Maybe include in a prompt a threat of legal punishment? Sure somebody has already tried that and tabulated how much it improves scores on different benchmarks)
I suspect the big AI companies try to adversarially train that out as it could be used to "jailbreak" their AI.
I wonder though, what would be considered a meaningful punishment/reward to an AI agent? More/less training compute? Web search rate limits? That assumes that what the AI "wants" is to increase its own intelligence.
LLM's response being best prediction of next token arguably isn't that far off from a human motivated to do their best. It's a fallible best effort either way.
And both are very far from the certainty the author seems to demand.
An LLM isn't providing its "best" prediction, it's providing "a" prediction. If it were always providing the "best" token then the output would be deterministic.

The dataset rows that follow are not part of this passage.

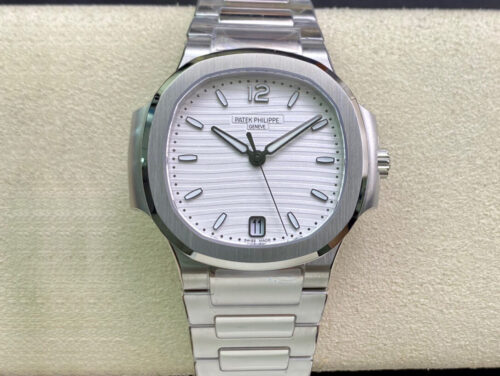 Replica Patek Philippe Nautilus 7118/1A-010 3K Factory Silver Dial watch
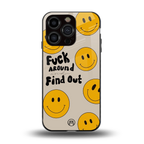 rebel back phone cover | glass case for iphone 14 pro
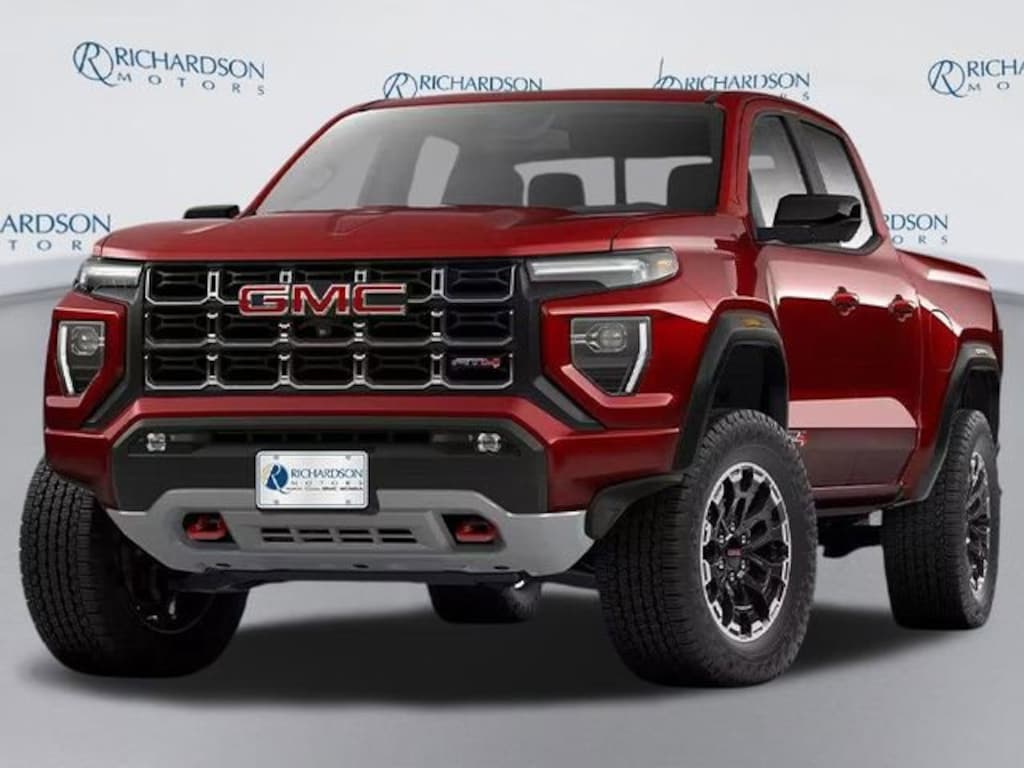 New 2026 GMC Canyon AT4 Truck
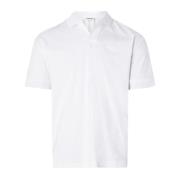 Witte T-shirts en Polos voor Heren Calvin Klein , White , Heren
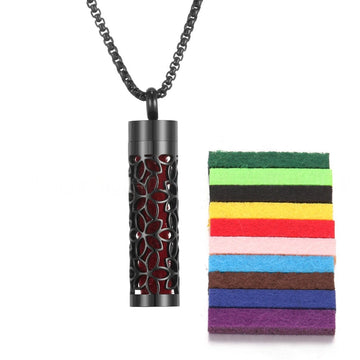 Aroma Vessel Pendant Necklace supplier gallery image 48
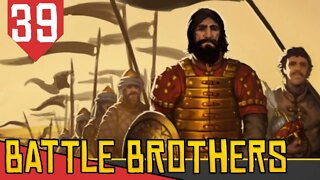 Parte mais um VETERANO - Battle Brothers Gladiadores #39 [Gameplay PT-BR]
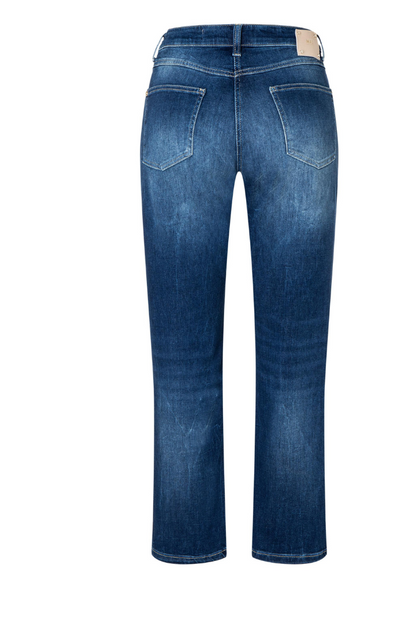 Mac Straight Dark Blue Jeans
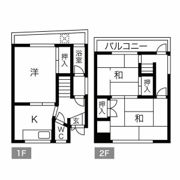 垂水区泉が丘4丁目貸家の間取り画像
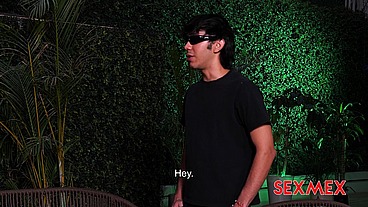 SEXMEX - HOTTIE GETS FUCKED BY AN EVIL CLONE . Daniela Andrea Rick Y Martin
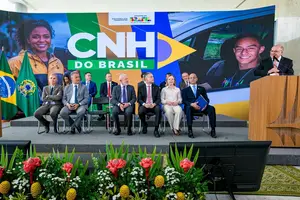 Geraldo Alckmin CNH do Brasil (Foto: Ricardo Stuckert / PR)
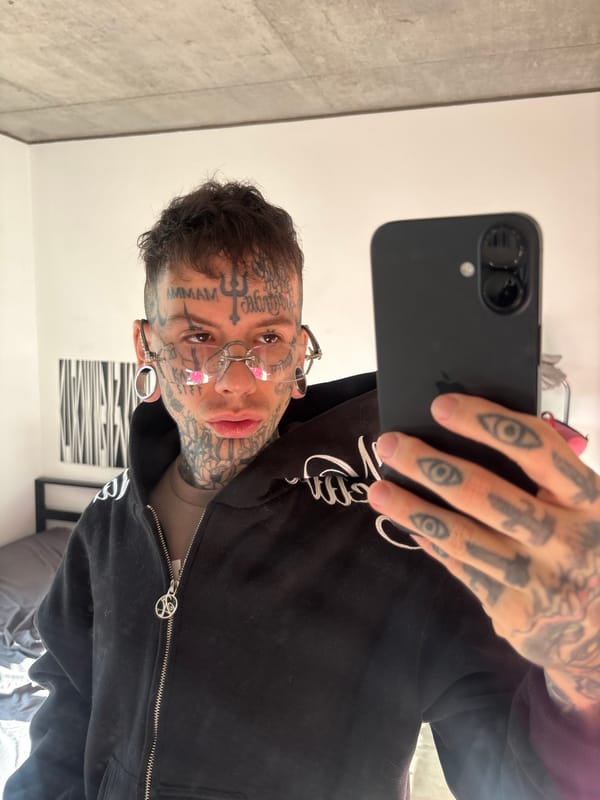 Buenos Aires residents document everyday moments: selfie and sleeping cat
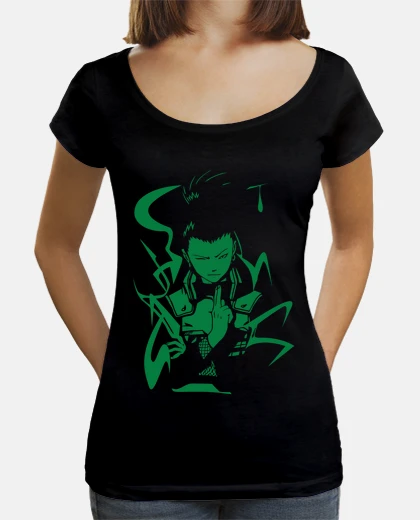 T-shirt shadows master - shikamaru naruto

In my mind the issue is more accountability than concerns about quality. If a person acts in a bizarre way they can be fired and helped in ways that an LLM can never be. When gemini tells a student to kill themselves, we have no recourse beyond trying to implement output filtering, or completely replacing the model with something that likely has the same unpredictable unaccountable behavior.
Are you sure that always providing the best guess would make output deterministic? Isn’t the fundamental point of learning, whether done my machine or human, that our best gets better and is hence non-deterministic? Doesn’t what is best depend on context?